What is required:
Without including the pictures, copy out every line below.

Exercise data:

*** Begin section ***

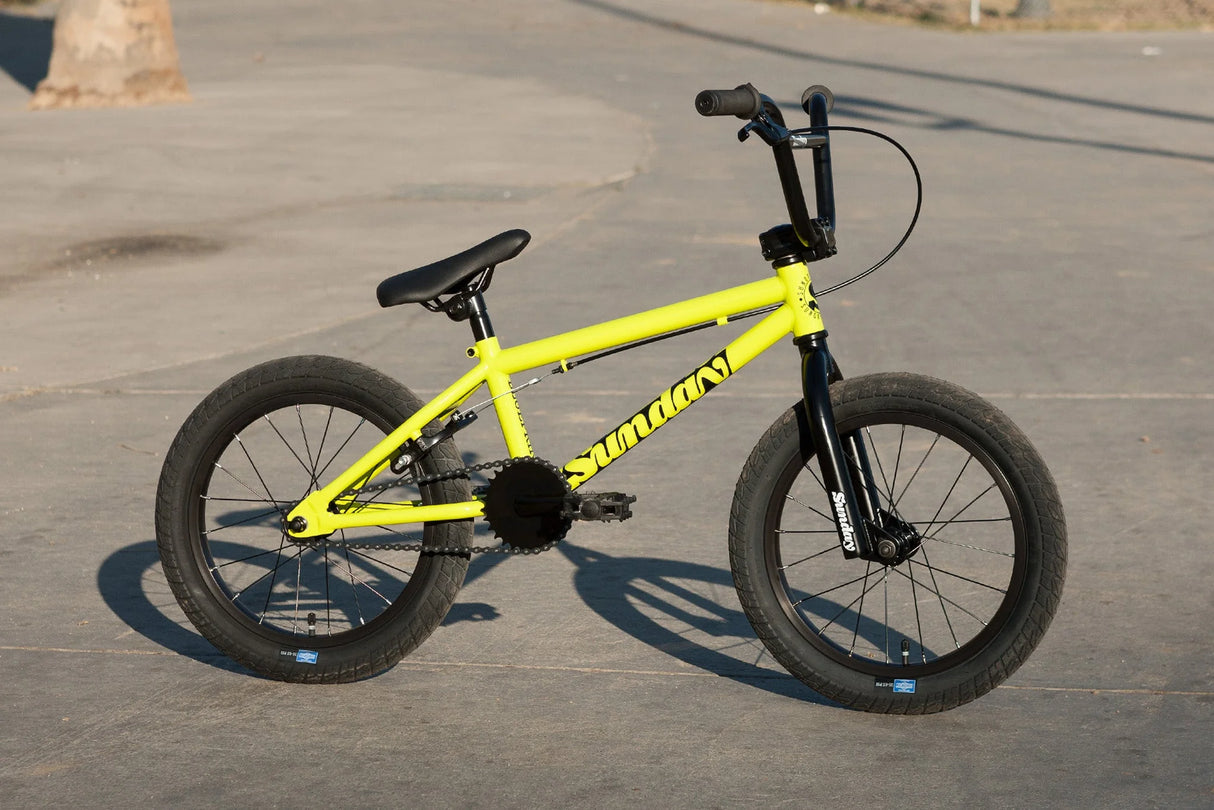 Sunday Blueprint 16" BMX Bike for Kids | Ride Hub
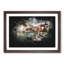 Boats in Vernazza Italy - Picture Frame Painting Print-56854982-56854986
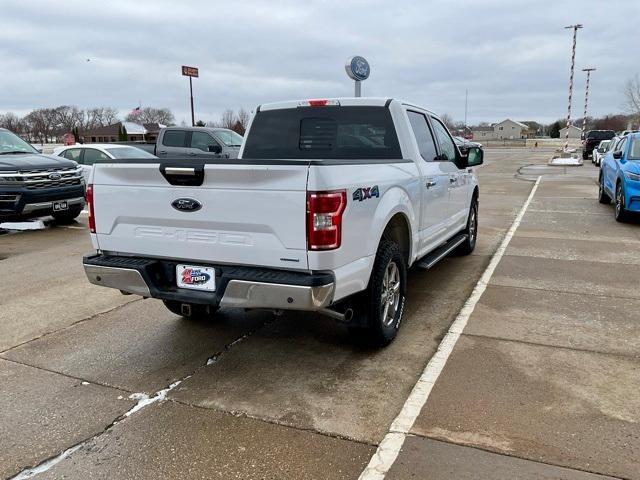 used 2020 Ford F-150 car, priced at $32,998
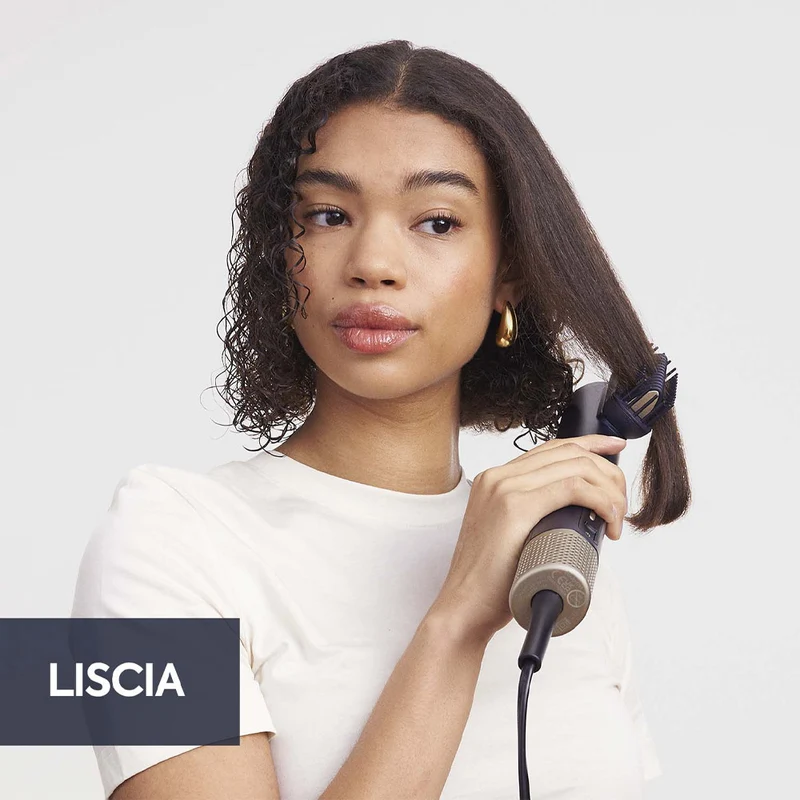 Babyliss Pro Air Wand - styler sèche-cheveux et lisseur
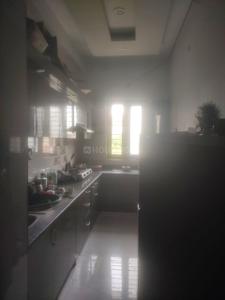 Kitchen Image of 1300 Sq.ft 3 BHK Apartment / Flat for sale in Somdutt Vihar Meerut for Rs. 5000000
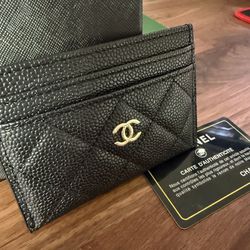 Chanel Wallet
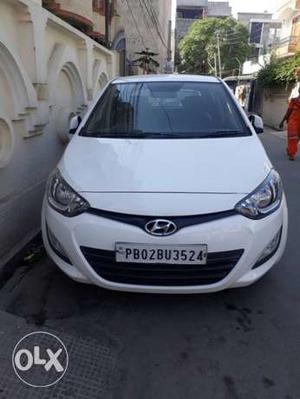  Hyundai I20 diesel  Kms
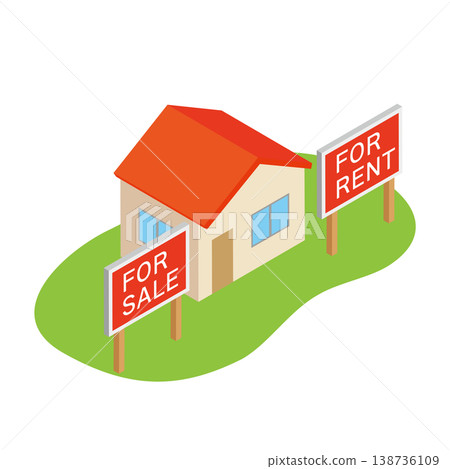 Selling or renting a house Selling or renting a house 138736109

*** End section ***

Your solution:
 Sunday Blueprint 16" BMX Bike for Kids | Ride Hub
 Boats in Vernazza Italy - Picture Frame Painting Print-56854982-56854986
 used 2020 Ford F-150 car, priced at $32,998
 Babyliss Pro Air Wand - styler sèche-cheveux et lisseur
 Kitchen Image of 1300 Sq.ft 3 BHK Apartment / Flat for sale in Somdutt Vihar Meerut for Rs. 5000000
 Chanel Wallet
  Hyundai I20 diesel  Kms
 Selling or renting a house Selling or renting a house 138736109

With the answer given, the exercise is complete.